— What you have to do —
Where the string "This" occurs in the material below, report the whole line.

— Task inputs —
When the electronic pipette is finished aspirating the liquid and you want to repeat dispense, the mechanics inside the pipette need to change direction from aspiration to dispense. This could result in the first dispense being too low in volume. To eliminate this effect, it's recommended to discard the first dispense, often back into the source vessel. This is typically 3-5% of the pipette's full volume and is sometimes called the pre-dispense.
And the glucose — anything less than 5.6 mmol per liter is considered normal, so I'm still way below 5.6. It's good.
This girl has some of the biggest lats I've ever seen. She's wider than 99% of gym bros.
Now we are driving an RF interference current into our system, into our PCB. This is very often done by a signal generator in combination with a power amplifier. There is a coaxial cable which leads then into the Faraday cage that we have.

...

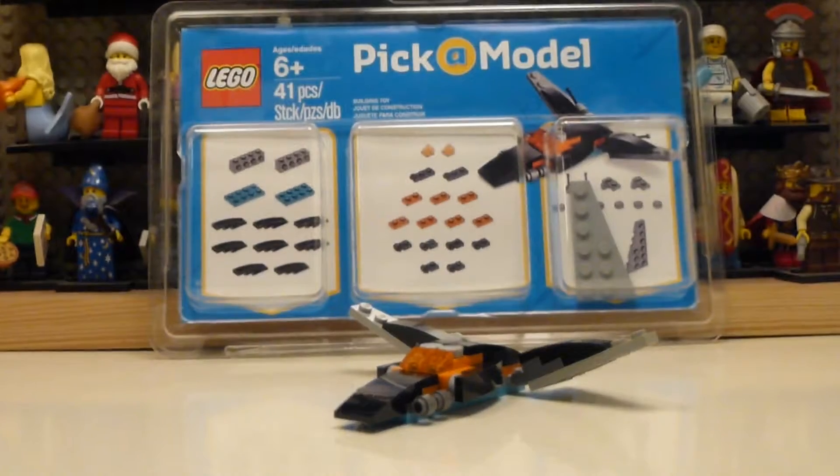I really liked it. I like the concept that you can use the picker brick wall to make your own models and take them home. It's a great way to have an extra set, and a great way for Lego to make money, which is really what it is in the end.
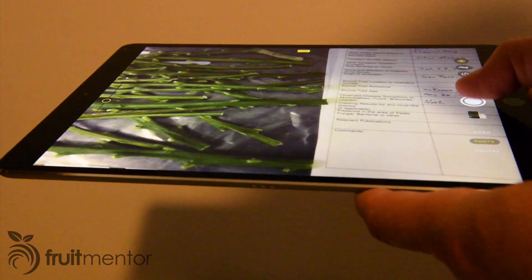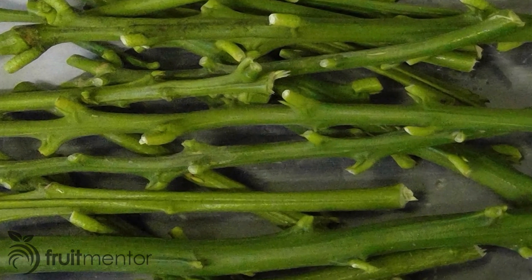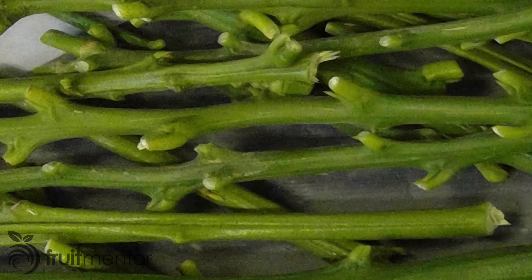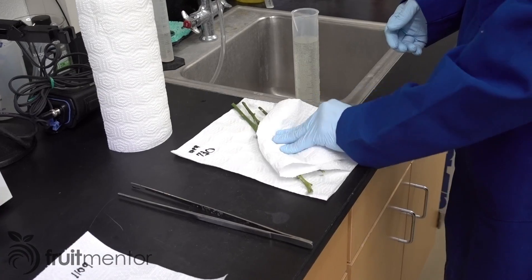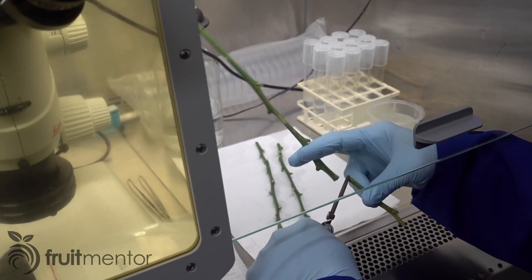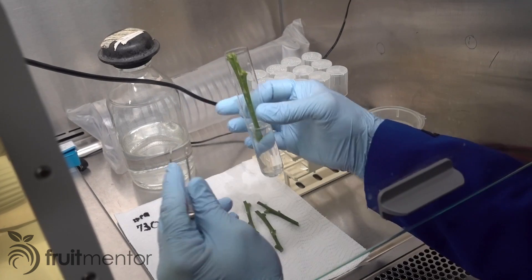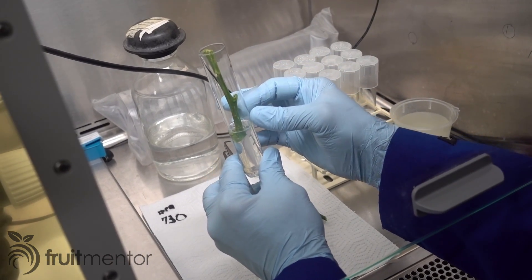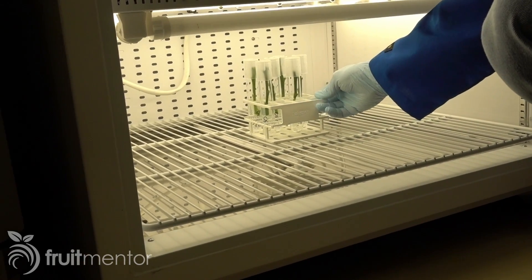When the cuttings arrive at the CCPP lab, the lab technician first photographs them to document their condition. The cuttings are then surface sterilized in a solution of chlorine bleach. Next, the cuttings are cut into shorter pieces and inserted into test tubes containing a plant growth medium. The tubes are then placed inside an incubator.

— Exercise result —
When the electronic pipette is finished aspirating the liquid and you want to repeat dispense, the mechanics inside the pipette need to change direction from aspiration to dispense. This could result in the first dispense being too low in volume. To eliminate this effect, it's recommended to discard the first dispense, often back into the source vessel. This is typically 3-5% of the pipette's full volume and is sometimes called the pre-dispense.
This girl has some of the biggest lats I've ever seen. She's wider than 99% of gym bros.
Now we are driving an RF interference current into our system, into our PCB. This is very often done by a signal generator in combination with a power amplifier. There is a coaxial cable which leads then into the Faraday cage that we have.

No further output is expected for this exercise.